Reconhecimento facial: o uso público e o risco de abuso privado

Reprodução

A cada dia, a tecnologia de reconhecimento facial é incorporada a redes de câmeras em áreas públicas e privadas no Brasil. São instrumentos importantes para a segurança. No Rio de Janeiro, foram usadas câmeras especiais em Copacabana, durante o réveillon. O sistema teria ajudado a coibir furtos e roubos, mas ainda mostrou falhas que podem levar a erros graves. Pelo menos uma pessoa foi identificada, detida e, em seguida, solta porque o banco de dados acessado assinalou que se trataria de um indivíduo procurado, embora o mandado de prisão estivesse inválido. A vítima já não devia contas à justiça. Ocorreram no Rio, em outras ocasiões, anteriores à nova tecnologia, casos de falsa identificação em álbuns digitais de fotos em delegacias que resultaram em prisões injustas também posteriormente anuladas por juízes. No caso, as fotos supostamente apontadas por testemunhas não correspondiam à pessoa inocente e presa. É necessário, à medida em que as redes de câmeras se espalhem, que os critérios sejam aperfeiçoados, os bancos de imagens e dados unificados e mantidos atualizados.

O reconhecimento facial é hoje uma ferramenta indispensável, por exemplo, na liberação de acesso a edifícios, autenticação em contas bancárias ou quaisquer outros aplicativos, reconhecimento de suspeitos ou identificação de pessoas desaparecidas. A tecnologia busca particularidades faciais que diferenciem um individuo de outro, converte a imagem em dados e tenta localizar um rosto correpondente em grandes bancos de imagens.  
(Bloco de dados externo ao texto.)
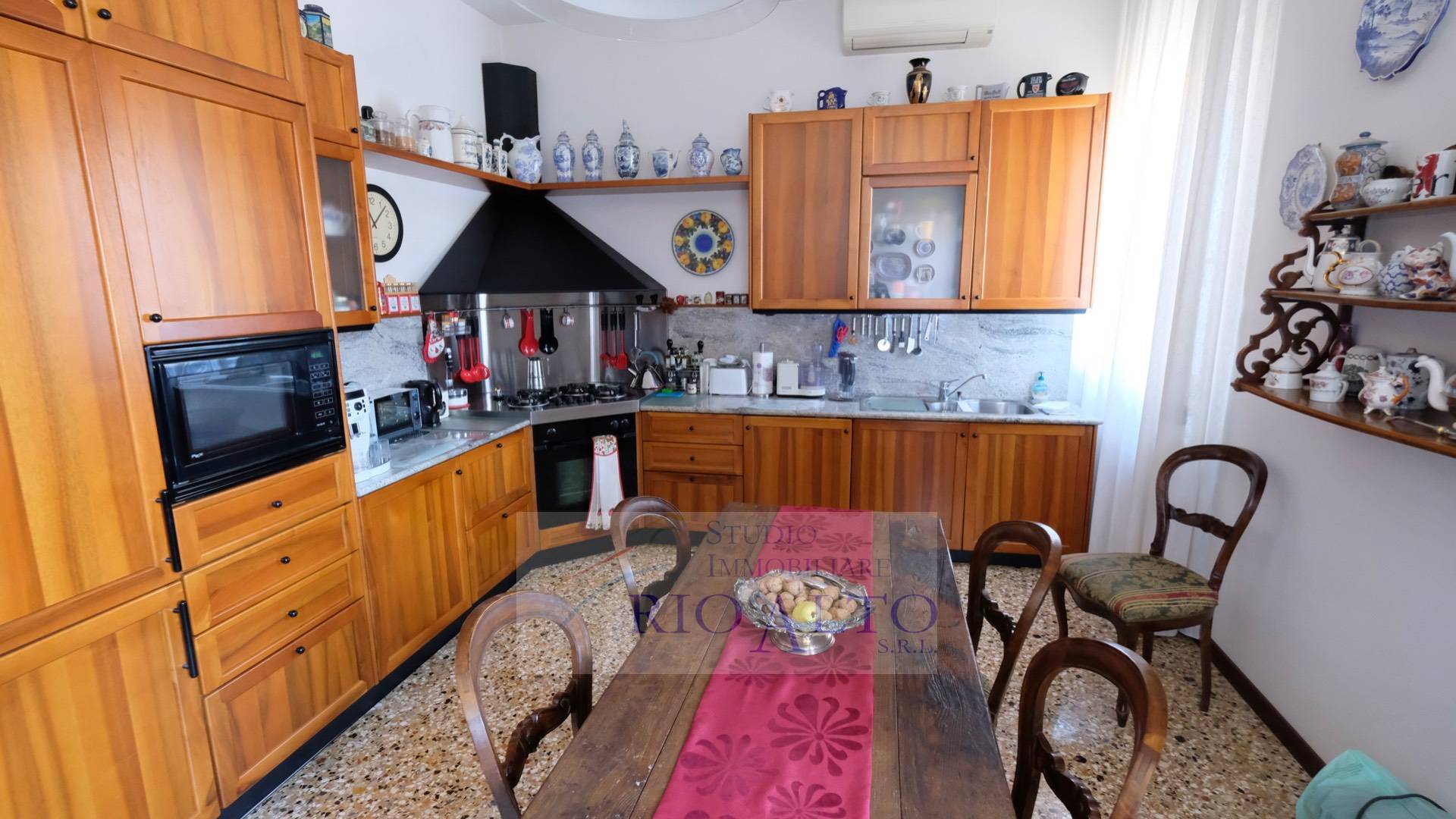 Appartamento in vendita a Venezia, Castello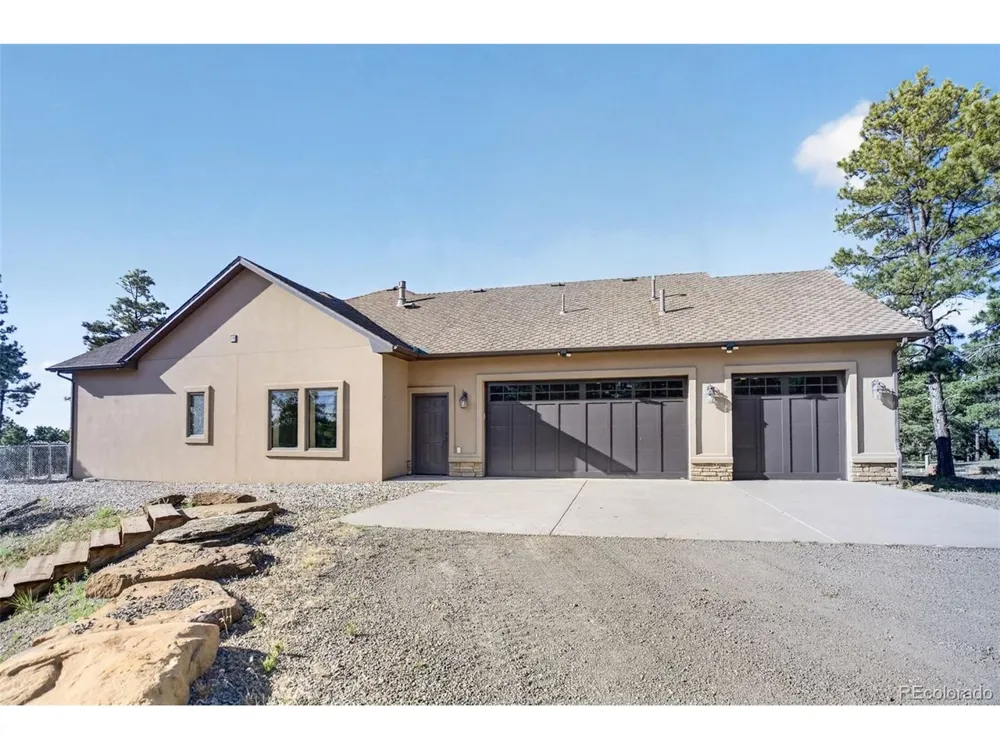33182 Timber Park Drive Trinidad, CO 81082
Há, contudo, o risco da aplicação equivocada e há grupos que fogem à Lei Geral de Proteção de Dados operando bancos de imagens ilegais. Em Brasília, segundo o portal Metrópoles, motoristas foram stalkeados por câmeras clandestinas. A investigação mostrou que falsas empresas privadas instalaram uma rede de câmeras pela cidade e em rodovias do DF. A Polícia Civil do Distrito Federal (PCDF), segundo o Metrópoles, identificou um esquema criminoso que monitorava o trânsito. Através de métodos sofisticados, os hackers captavam placas e levantavam dados e trajetos dos motoristas e os revendiam a interessados. Autoridades foram monitoradas e sabe-se que um delegado de polícia do DF passou a receber ameaças de hackers após ter seu carro monitorado. 
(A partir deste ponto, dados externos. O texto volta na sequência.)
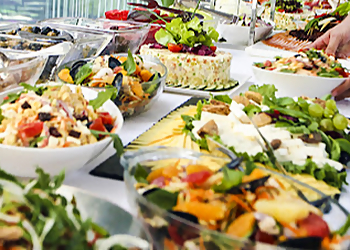 Shreveport Caterers A Taster's Choice Catering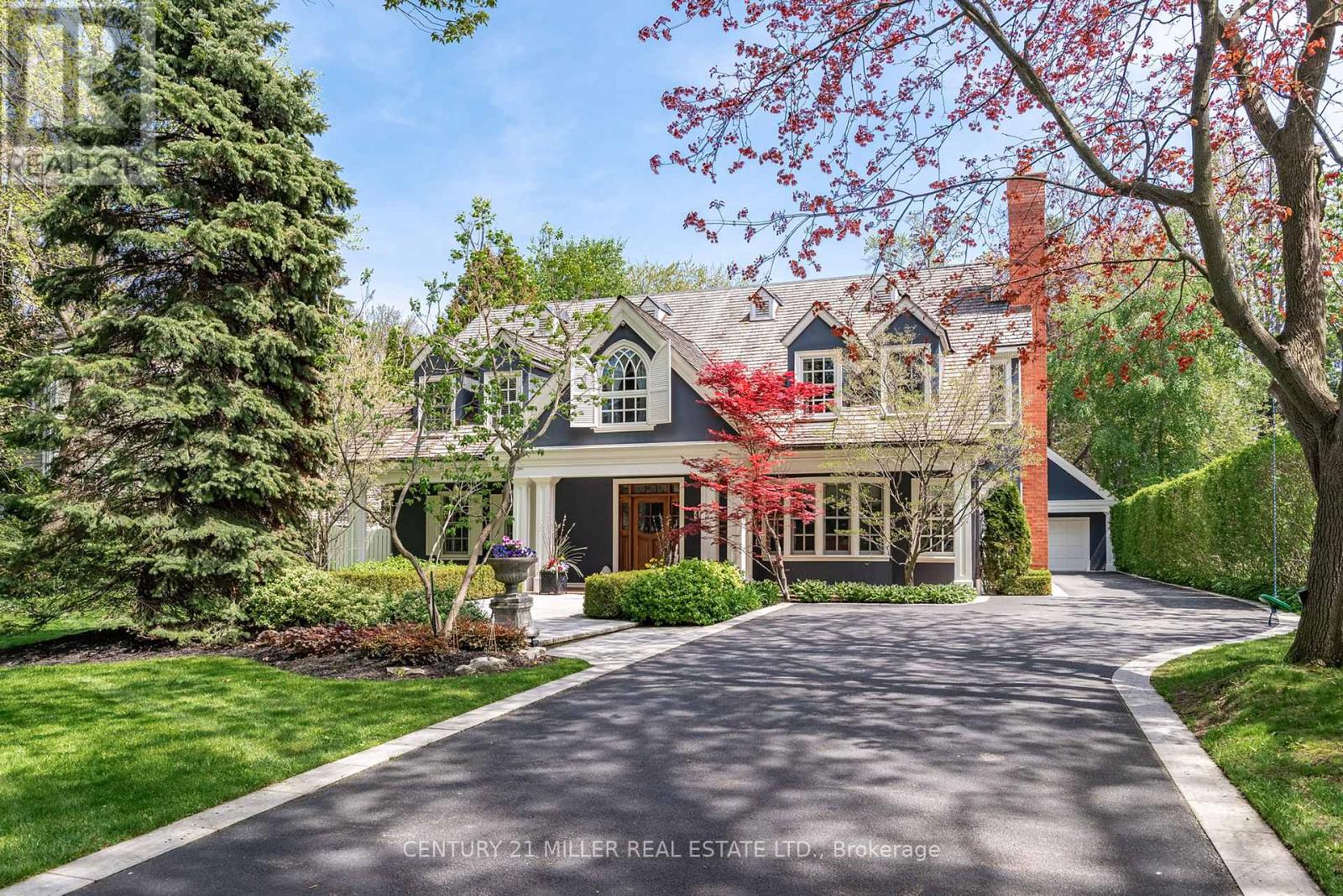 41 CHARTWELL ROAD
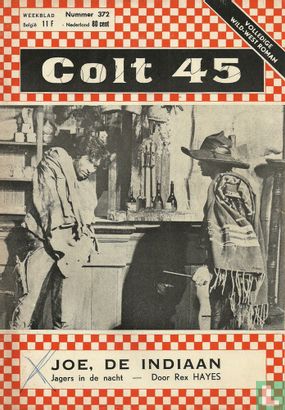 Colt 45 #372 - Image 1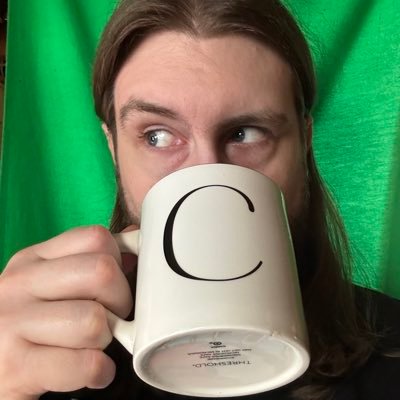 CoffeeHead240's profile picture. Story Driven perspective from a TV box📺 Mon/Tue/Thur/Fri 3:30pm EST⏰ on Twitch Email: coffeehead240@gmail.com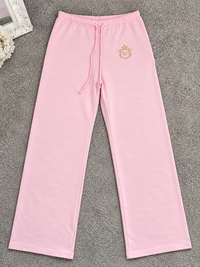 The Luxe Wrap Set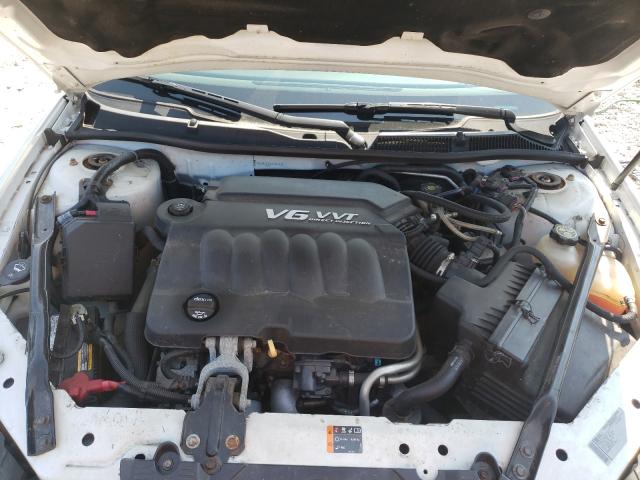 Photo 6 VIN: 2G1WC5E30C1336962 - CHEVROLET IMPALA LTZ 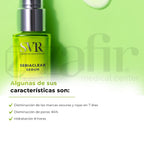 Suero Anti Imperfecciones Serum Sebiaclear SVR Para Piel Grasa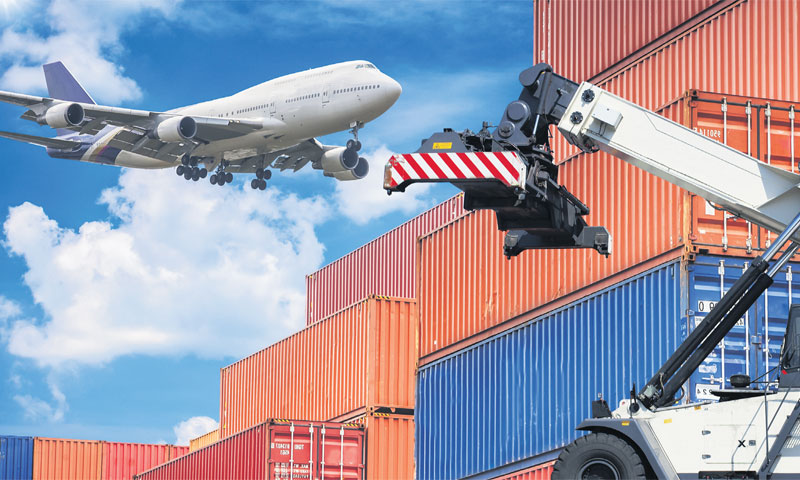 Kombiniranjem transporta mogu se ostvariti velike uštede/FOTOLIA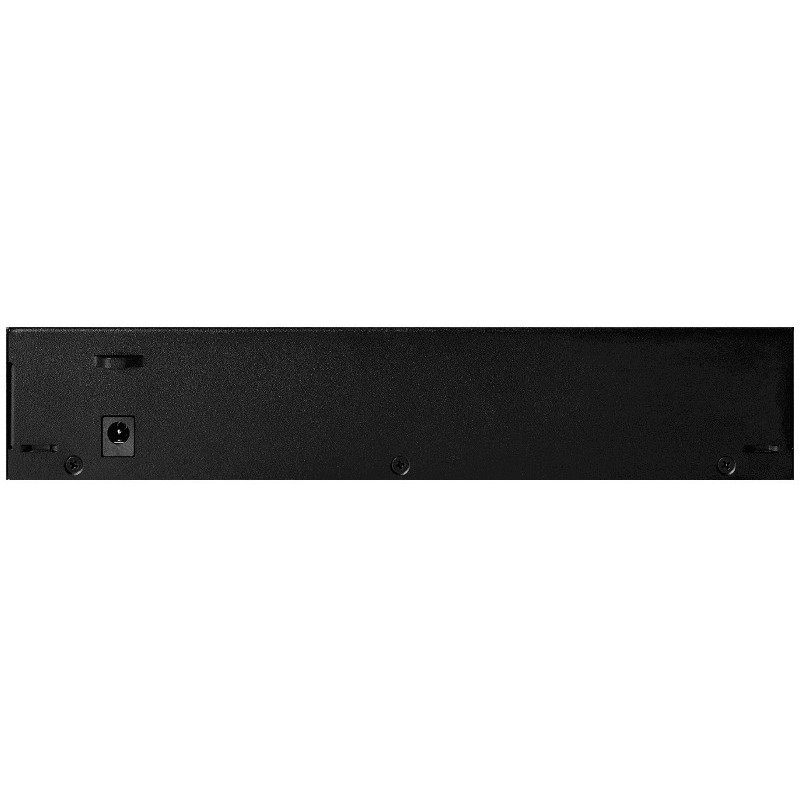 HPE ANW 6000 8G 2F Sw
No Rio de Janeiro, há registros de intimidação de pessoas por parte de "bancos de imagens" em grupos de whatsapp privados de restaurantes, supermercados e do comércio em geral. O problema é que nem sempre os alvos que os grupos selecionam terão cometido alguma irregularidade ou crime. Um desentendimento qualquer, reclamar da conta e do serviço, por exemplo, ou uma suspeita infundada pode levar alguém a ter a foto inserida no tal banco de dados informal. A imagem é compartilhada, espalha-se nos grupos e a grande maioria dos integrantes do esquema privado de vigilância provavelmente nem sabe porque o alvo está listado ali. Mesmo assim, a pessoa passa a ser fotografada sucessivamente em outros estabelecimentos. Indivíduos que não cometeram qualquer crime, embora não abordados, são intimidados pela situação inusitada, tornam-se "marcados", são seguidos ostensivamente. Situações de risco podem acontecer com origem em um "banco de dados" ilegal e tão informal quanto perigoso. 
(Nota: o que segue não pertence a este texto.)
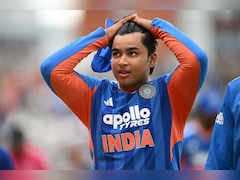 Samson Voluntarily Sat Out To Accommodate Sooryavanshi? New Theory Emerges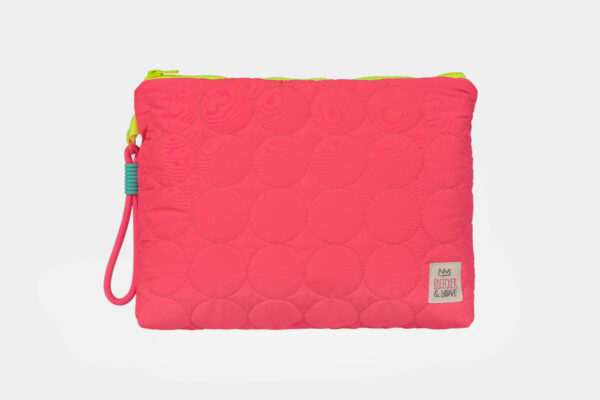 BUBBLE GUM CANDY BAG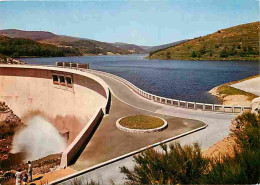 81 - Tarn - Le Barrage Du Laouzas Situé Aux Environs De Nages - CPM - Voir Scans Recto-Verso - Autres & Non Classés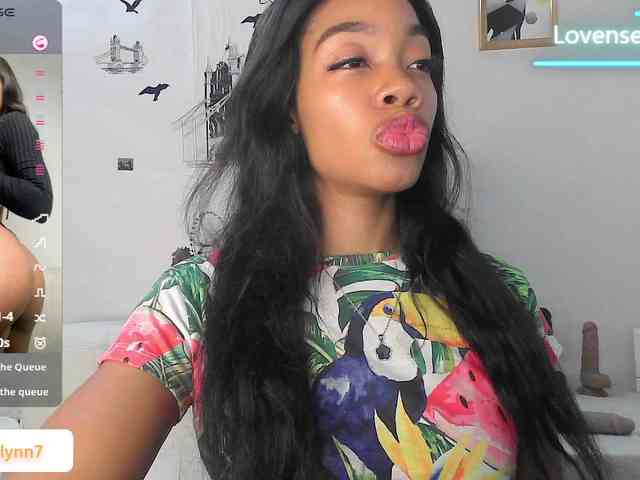 TamyLynn1 webcam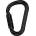 Edelrid HMS карабинер Edelrid HMS Magnum Triple II HMS carabiner - Night - размер Triple-Lock (323-0252-0111)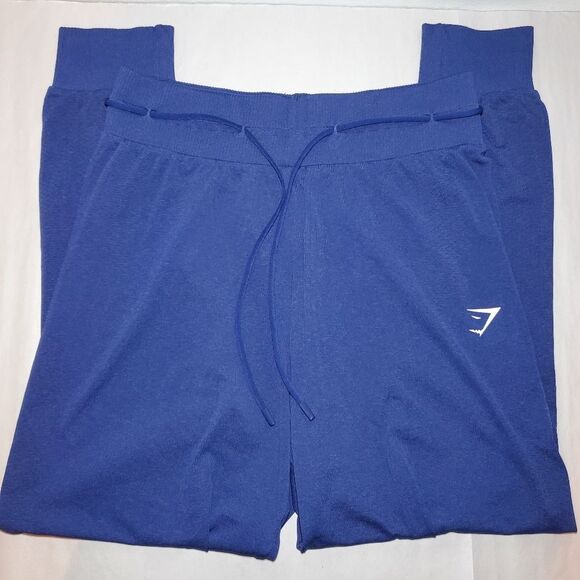 Gymshark Vital Seamless 2.0 Joggers Size M - Picture 1 of 9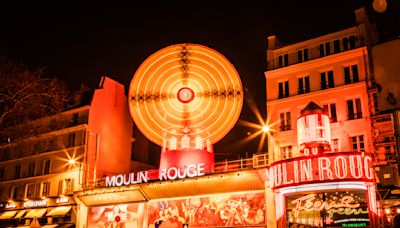 Moulin Rouge : 5 choses à savoir sur le mythique cabaret parisien, dont les ailes sont tombées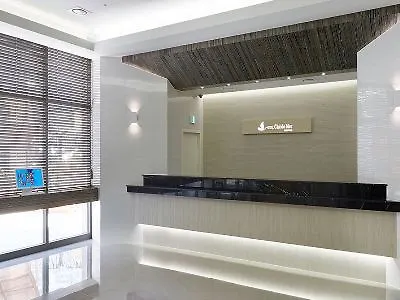Bellia Hotel Busan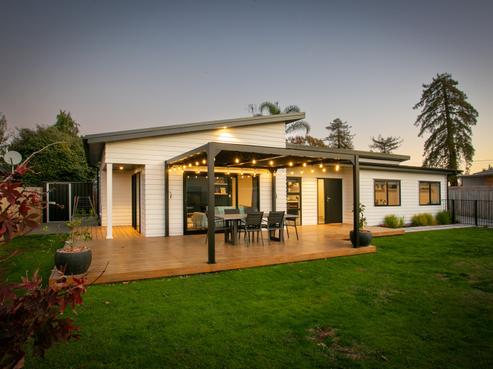 9 Bracken Street, Leamington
Vale lembrar que a Lei Geral de Proteção de Dados assegura o direito à privacidade e à proteção de dados pessoais, por meio de práticas transparentes e seguras, garantindo todos os direitos fundamentais. E isso é aplicável a todas os agentes ou empresas que coletam e tratam dados pessoais de terceiros. Além disso, a transparência é fundamental: devem ser adotadas regras claras e de fácil acesso para a captação de dados e imagens pessoais.

Aguarda aprovação na Câmara dos Deputados um projeto de lei que pretende regulamentar o uso do reconhecimento facial, mas a proposta se refere apenas às forças de segurança pública e não enquadra o uso policialesco da tecnologia por grupos privados. Uma boa pauta para a mídia é levantar o funcionamento do reconhecimento facial, na prática, tanto nas instalações públicas quando privadas e "informais", como no exemplo citado acima. Quanto mais os abusos forem identificados, mais a tecnologia será útil para a segurança pública.